Miami's art scene undoubtedly comes alive when Art Basel comes to town, bringing the best of today's artists to the Magic City. This isn't to say that post-Basel Miami becomes culturally desolate––both Little Haiti, with its burgeoning music scene, and Little Havana, home to the famous Calle Ocho and Cafe Versailles, debunk such assumptions. Miami is also rich in museums and gallery spaces. You'll find most of the latter in the city's Wynwood district, a sprawling neighborhood known for its eye-popping murals.
The eponymous Wynwood walls, designed by several local and international artists, became known for their sheen and eclectic mix of images. You'll find everything from an animalistic geisha to a giant green baby. The famous walls, which also include a collection deep within them, that has a few Warhol prints, aren't exclusive to the area most tourists flock to.
The area has commissioned walls that adorn the outside of shops, varying graffiti work from local artists and large-scale, complex murals. Even the parking lots boast graffiti that blurs the line between fine and street art. Take it all in as you hop between pop-up galleries and DIY shops, which are on an infinite rotation in this particularly lively neighborhood.
Great art aside, the bountiful selection of restaurants, cafes, and food trucks will keep any foodie on their toes, and there are so many apart from the famous Joey's. There's a small enclave that comes alive on weekends and holds a variety of food trucks including the Wynwood Parlor, a.k.a. The people who brought rolled ice cream to Miami––and yes, it's as good as it sounds.
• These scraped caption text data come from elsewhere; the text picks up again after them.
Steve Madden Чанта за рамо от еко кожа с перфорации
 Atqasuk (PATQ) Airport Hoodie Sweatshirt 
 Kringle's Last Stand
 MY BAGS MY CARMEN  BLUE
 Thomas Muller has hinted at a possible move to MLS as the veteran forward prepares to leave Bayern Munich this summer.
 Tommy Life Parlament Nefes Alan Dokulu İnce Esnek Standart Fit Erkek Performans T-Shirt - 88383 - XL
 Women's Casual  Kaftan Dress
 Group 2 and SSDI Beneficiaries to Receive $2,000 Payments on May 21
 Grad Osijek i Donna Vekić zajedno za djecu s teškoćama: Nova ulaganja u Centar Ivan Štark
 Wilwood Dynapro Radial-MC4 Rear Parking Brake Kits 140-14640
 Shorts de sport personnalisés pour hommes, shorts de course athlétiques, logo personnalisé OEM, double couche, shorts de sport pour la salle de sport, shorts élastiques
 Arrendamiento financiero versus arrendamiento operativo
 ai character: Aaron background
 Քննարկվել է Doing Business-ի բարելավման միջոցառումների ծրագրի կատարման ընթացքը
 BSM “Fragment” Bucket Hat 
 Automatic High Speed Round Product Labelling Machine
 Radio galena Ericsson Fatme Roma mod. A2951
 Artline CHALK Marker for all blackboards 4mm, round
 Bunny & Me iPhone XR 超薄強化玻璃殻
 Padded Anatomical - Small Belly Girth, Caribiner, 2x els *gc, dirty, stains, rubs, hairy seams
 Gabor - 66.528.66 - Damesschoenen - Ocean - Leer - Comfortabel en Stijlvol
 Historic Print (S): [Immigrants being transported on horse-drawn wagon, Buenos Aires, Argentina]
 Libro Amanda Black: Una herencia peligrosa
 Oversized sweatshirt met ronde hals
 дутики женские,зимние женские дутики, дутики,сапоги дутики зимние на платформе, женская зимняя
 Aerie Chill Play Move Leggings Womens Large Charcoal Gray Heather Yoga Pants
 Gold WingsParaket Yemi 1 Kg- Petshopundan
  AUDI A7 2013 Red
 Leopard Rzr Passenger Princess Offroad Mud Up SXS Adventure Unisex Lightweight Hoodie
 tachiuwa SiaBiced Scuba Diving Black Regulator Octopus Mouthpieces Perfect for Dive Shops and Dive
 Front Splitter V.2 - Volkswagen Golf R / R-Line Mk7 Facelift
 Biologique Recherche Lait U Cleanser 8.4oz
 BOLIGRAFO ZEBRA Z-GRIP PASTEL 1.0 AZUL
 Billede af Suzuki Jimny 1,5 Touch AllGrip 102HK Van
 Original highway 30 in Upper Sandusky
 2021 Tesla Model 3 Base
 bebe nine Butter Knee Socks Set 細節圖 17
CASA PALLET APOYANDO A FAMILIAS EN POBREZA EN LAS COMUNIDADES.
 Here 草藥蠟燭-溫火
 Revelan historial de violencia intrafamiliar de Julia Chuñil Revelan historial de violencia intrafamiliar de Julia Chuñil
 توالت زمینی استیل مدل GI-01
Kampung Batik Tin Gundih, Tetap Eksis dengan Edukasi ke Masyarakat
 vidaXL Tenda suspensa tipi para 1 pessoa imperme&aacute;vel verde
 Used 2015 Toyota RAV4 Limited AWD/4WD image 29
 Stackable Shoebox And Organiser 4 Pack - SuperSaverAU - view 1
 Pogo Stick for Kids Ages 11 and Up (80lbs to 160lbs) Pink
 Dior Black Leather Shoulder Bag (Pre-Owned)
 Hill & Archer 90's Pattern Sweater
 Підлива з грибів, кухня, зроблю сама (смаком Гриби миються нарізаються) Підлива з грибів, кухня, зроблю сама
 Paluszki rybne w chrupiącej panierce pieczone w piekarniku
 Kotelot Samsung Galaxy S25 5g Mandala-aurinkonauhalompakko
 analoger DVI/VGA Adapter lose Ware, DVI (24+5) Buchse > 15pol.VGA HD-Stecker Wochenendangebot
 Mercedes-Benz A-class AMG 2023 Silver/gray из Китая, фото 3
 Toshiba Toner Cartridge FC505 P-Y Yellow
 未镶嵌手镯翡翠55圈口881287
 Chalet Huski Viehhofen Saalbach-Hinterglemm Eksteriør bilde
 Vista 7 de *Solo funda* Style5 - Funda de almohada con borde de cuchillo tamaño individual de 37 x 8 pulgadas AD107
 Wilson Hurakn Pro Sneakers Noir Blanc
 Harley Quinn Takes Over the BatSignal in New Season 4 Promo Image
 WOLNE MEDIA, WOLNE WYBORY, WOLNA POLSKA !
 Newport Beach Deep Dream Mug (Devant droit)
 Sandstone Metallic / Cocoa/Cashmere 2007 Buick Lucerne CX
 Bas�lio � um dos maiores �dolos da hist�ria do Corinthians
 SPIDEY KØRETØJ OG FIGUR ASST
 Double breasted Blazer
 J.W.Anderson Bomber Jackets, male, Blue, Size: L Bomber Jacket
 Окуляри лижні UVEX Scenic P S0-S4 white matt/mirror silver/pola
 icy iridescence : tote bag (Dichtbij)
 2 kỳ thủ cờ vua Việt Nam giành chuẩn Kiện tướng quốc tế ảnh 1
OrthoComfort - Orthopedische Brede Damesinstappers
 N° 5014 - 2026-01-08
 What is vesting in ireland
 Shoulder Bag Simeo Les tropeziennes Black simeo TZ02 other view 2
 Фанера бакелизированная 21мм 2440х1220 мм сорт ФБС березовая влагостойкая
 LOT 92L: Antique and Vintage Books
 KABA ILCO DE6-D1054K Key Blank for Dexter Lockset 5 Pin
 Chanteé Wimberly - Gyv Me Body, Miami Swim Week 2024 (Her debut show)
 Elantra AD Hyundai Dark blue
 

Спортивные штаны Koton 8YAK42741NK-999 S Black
Wynwood is also crawling with great bars and lounges, the perfect pre-game to a night out in the area. Be sure to check out the Electric Pickle, a club with Greek statues that has brought in some of the biggest names in techno, and dance the night away among locals.
Just because Art Basel is over doesn't mean you don't have a reason to go all the way off while surrounded by Miami's vibrant local arts scene. Grab a microbrew, put on your best pair of Museum Collection Doc Martens (or whatever look won't make you feel like a tourist), and take a long walk through this candy-colored tropical paradise.